Okay, I now have my 5.5G iPod working, and I know why recent iPods won't work.
It's because the recent iPod hard drives have a 2048 byte block size, whereas nearly every hard drive under the sun uses 512 byte block sizes. The wbfs utility assumes that it's going to be writing to 512 block sizes, and so when it performs sanity checks on the number of blocks on the hard drive, the number of blocks present differs by a factor of four.
To compile WBFS to work for the iPod, run the following command from the root of the WBFS source.
Code:
find ./* -type f | xargs sed -i '' -e 's/512/2048/g'
and then make as usual. This is a dirty patch, but seems to work. Use is exactly the same - so you'd start off by
Code:
./wbfs -p /dev/rdisk1s1/ init
or equivalent on your system.
The USBLoader requires no alterations to read from the drive or rip to it - I can only assume it looks at the block size more carefully once a drive has been formatted.

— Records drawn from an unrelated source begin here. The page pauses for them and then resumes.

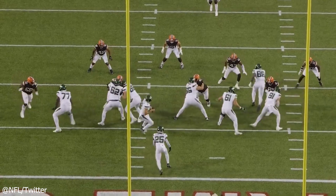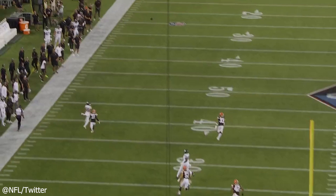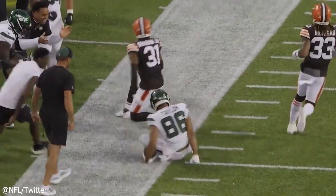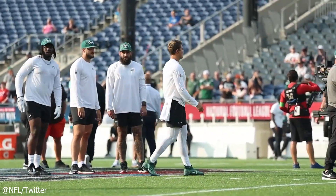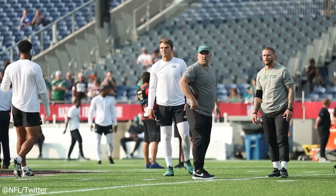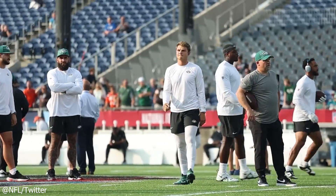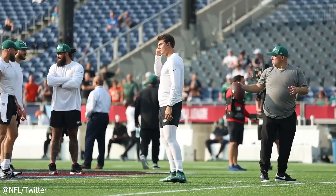On the first drive, there was a play where Zach tried to scramble for a first down but slipped and didn't quite make it. What I liked about this play is that it was a passing play and Zach waited in the pocket for the play to develop before he scrambled. Chris Collinsworth pointed this out on the broadcast — that last season he had a tendency to leave the pocket too soon, but on that play he waited and made a couple reads before bailing.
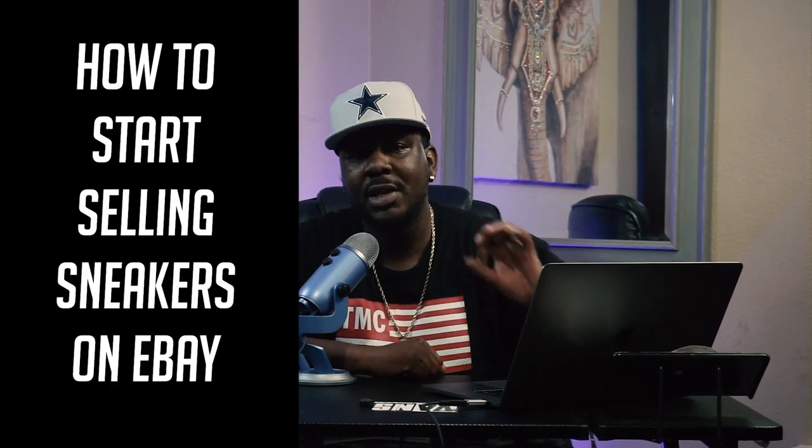By the end of this video, you will have a clear understanding on how to start selling shoes on eBay.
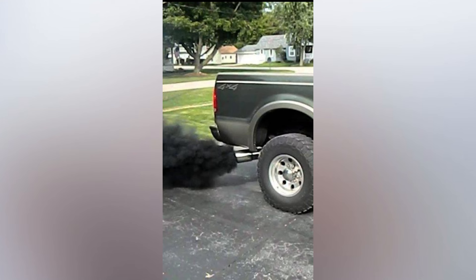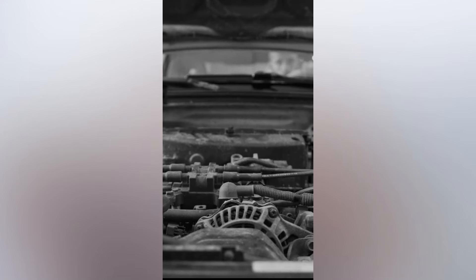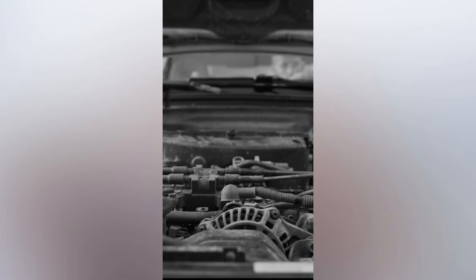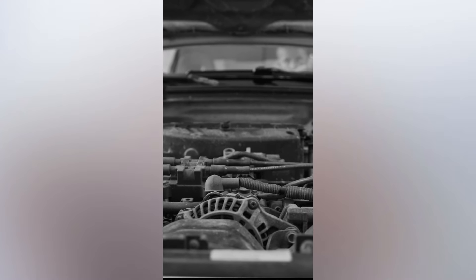Black exhaust smoke: Black exhaust smoke is a sign that there is too much fuel in the air-fuel mixture. Rough idle: A rough idle occurs when engine RPMs fluctuate up and down. This can happen when a failing MAF sensor sends incorrect readings to the engine computer.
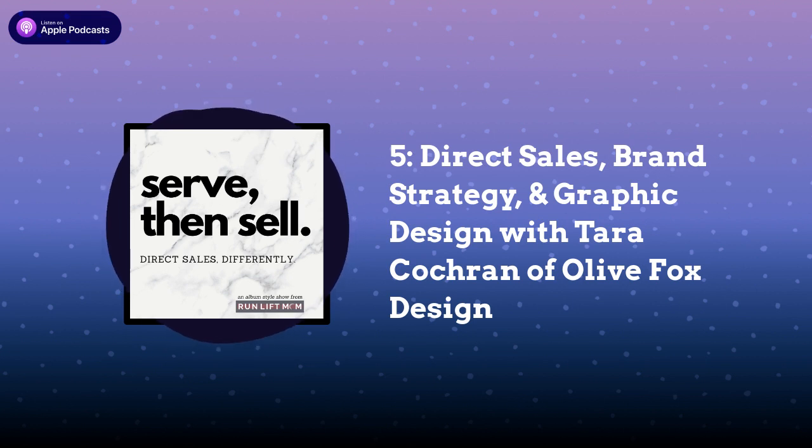Welcome, Tara Cochran from Olive Fox Design, to the Serve Then Sell podcast. I am so jazzed about this album and even more so for this episode because, as a direct seller, you have been helping me for well over two years now. It's crazy to see how much our relationship has grown. You want someone like Tara in your back pocket — I would say she's a partner of mine. I have Canva or PicMonkey or whatever, but I need Tara because she is an expert. Can you tell us how you got involved in graphic design and what your background is?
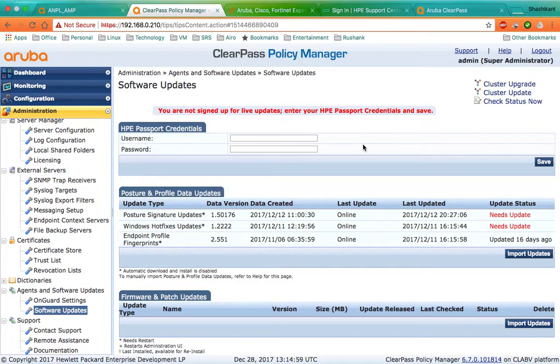These broken updates stopped the services of the ClearPass server. Aruba did release a fix for that in a very short time, however it still stopped many servers which were in production.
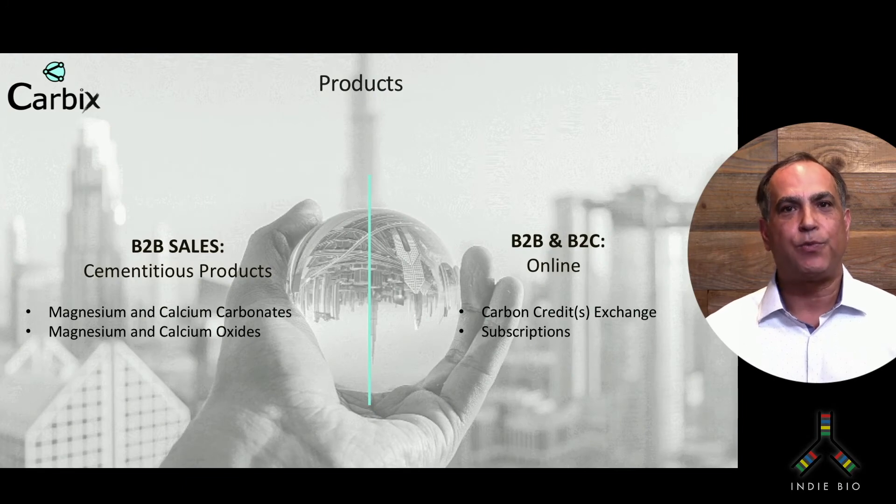We produce two primary product variants: magnesium and calcium carbonates, and calcium oxides. The calcium oxides are for OPC. Portland cement is the primary ingredient selected by architects for structural and layout configurations.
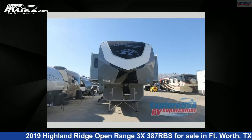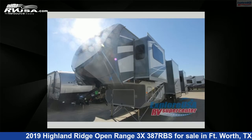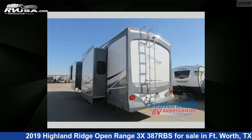This 2019 Highland Ridge Open Range 3X 387RBS is a fifth-wheel RV. It is located in Ft. Worth, Texas 76140 and is offered for sale by ExploreUSA RV Supercenter, Ft. Worth, TX.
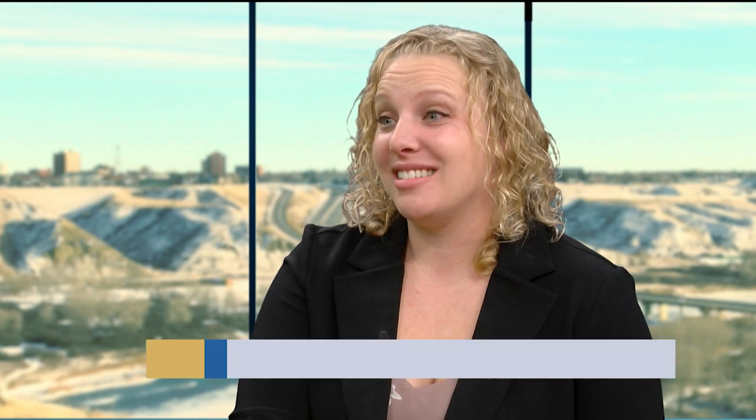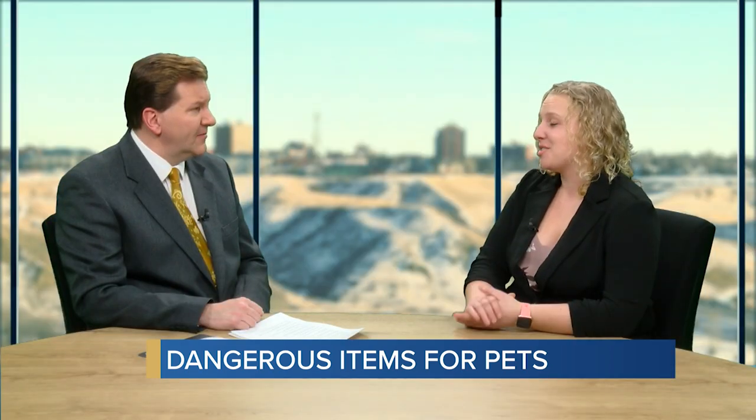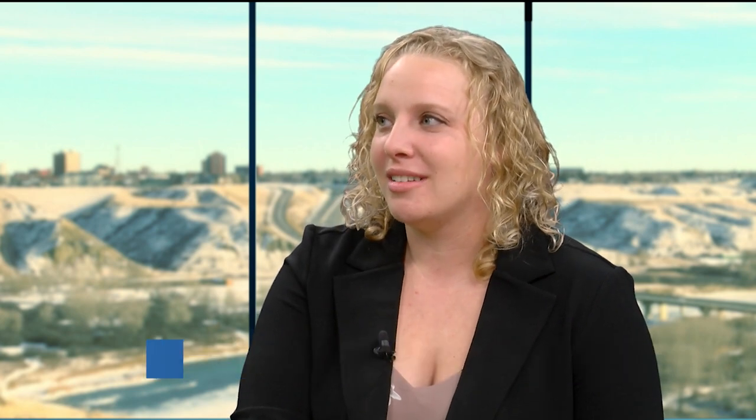Why is chocolate so toxic for pets? It contains a compound called theobromine, which causes an extremely high heart rate, agitation, can cause seizures, and even death at high doses. The darker the chocolate, the more toxic it is — semi-sweet and dark chocolates are worse than milk chocolate. A small dose in a big dog isn't as much of a concern, but a little dog that gets into dark chocolate can actually be quite life-threatening.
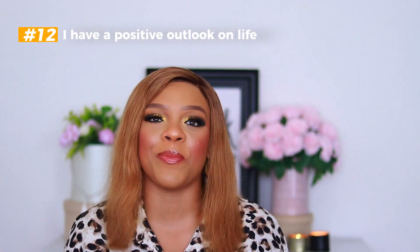Last but not least, I have a very positive outlook on life. I don't wear my problems on my sleeve — if I did, I'd look 60 years old. I smile more, I laugh, I try to be happy, and I find the things in life that make me happy and do them more often. Stop squeezing your face — the more you frown, the older you look. Smile more and be happy. It's super duper important.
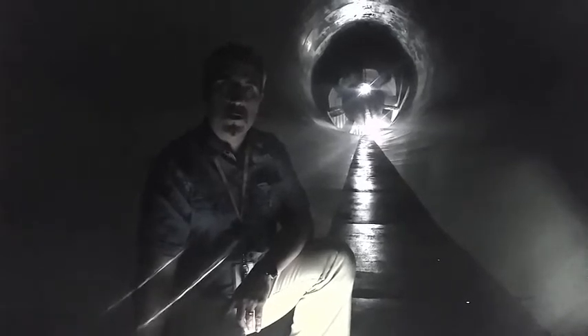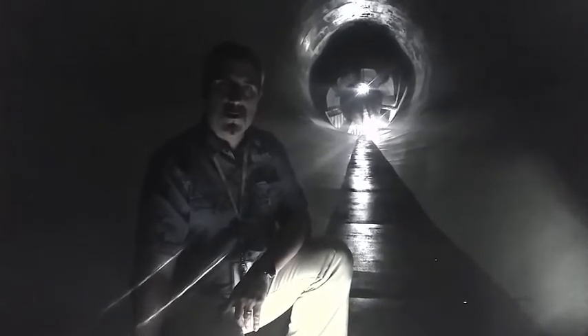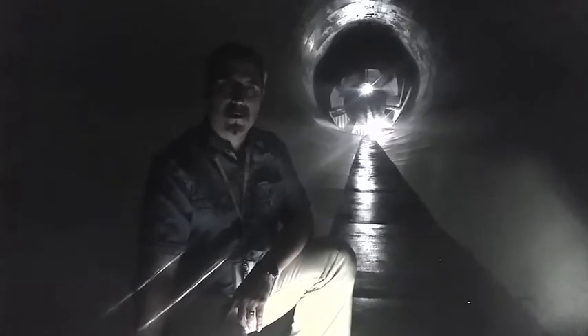We're going to be participating in the Open Doors Ottawa in 2016 this year. So come on out on June 5th and come and check us out.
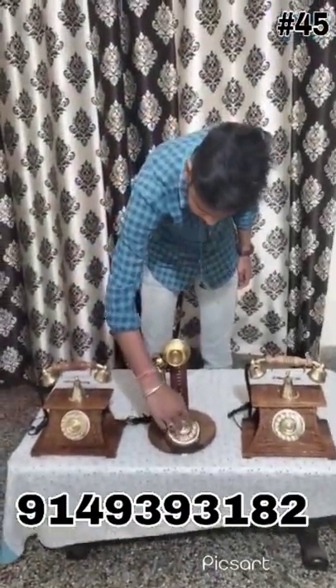These are very unique dialer, rotating dialer. All these are made in shisham wood. These are not only show pieces, but these actually work.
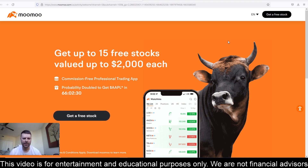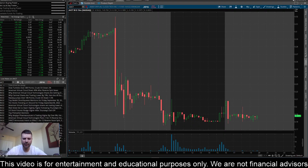Before I get to this update, I want to say if you are looking for a trading platform and if you would like some free stock, head to the comments and description section of this video. If you use that link to sign up for Moomoo, you can receive 15 free stocks.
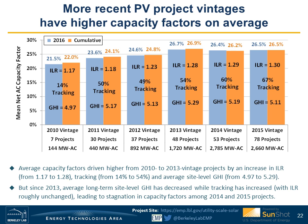Breaking out average capacity factors by project vintage, there was a steady improvement from 2010 through 2013 vintage projects, driven by increases in average insolation as denoted by GHI, the prevalence of tracking, and the average inverter loading ratio. Since 2013, however, average ILRs have held more or less steady while the two other drivers—tracking and GHI—have moved in opposite directions, resulting in more or less stagnant capacity factors among 2014 and 2015 vintage projects.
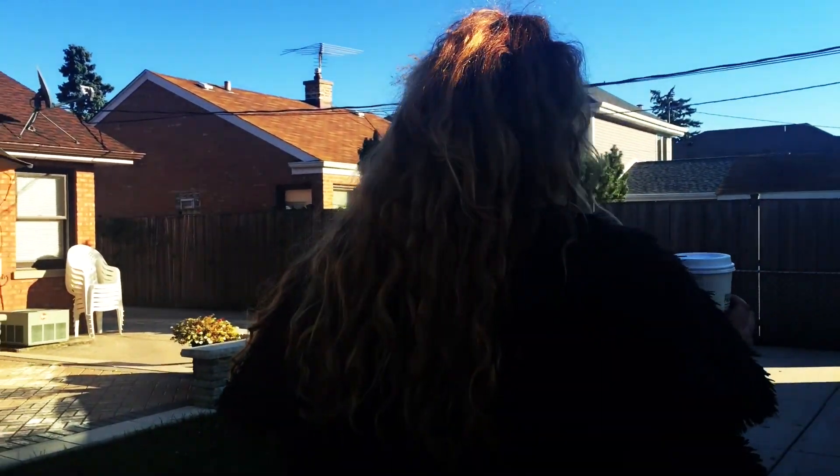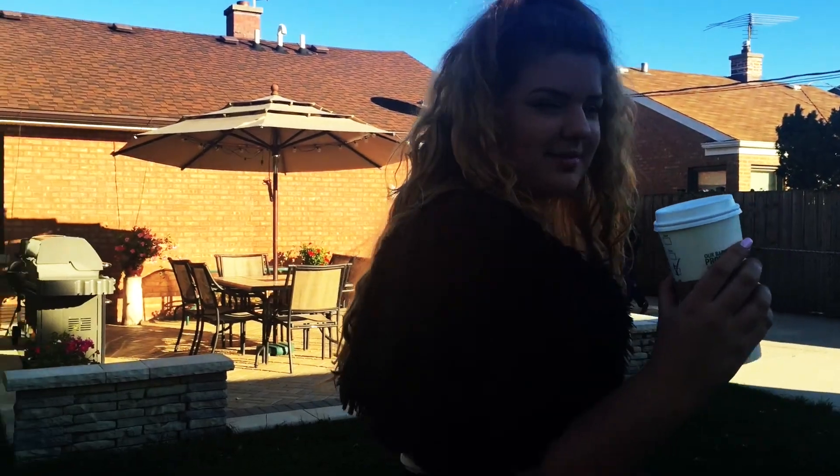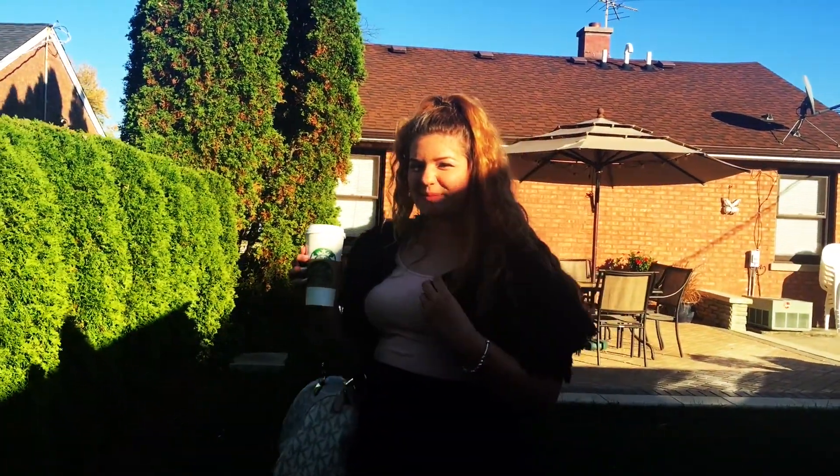Definitely wear a skirt or dress, and don't forget to accessorize. I decided, since Chanel is so glamorous, to carry around a designer bag. And don't forget the Starbucks No Foam 5 Shot Half Calf Pumpkin Spice Latte Extra Hot.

The trick was just to get it formatted originally.
My 6G iPod does not work, but it gets the 'Could not initialize USB subsystem' error. I assume that as work on the loader continues, compatibility will improve, and then this technique would also work for it.
EDIT: Code dump on every game other than the first to be ripped, it would seem. Time to tinker with the USB loader.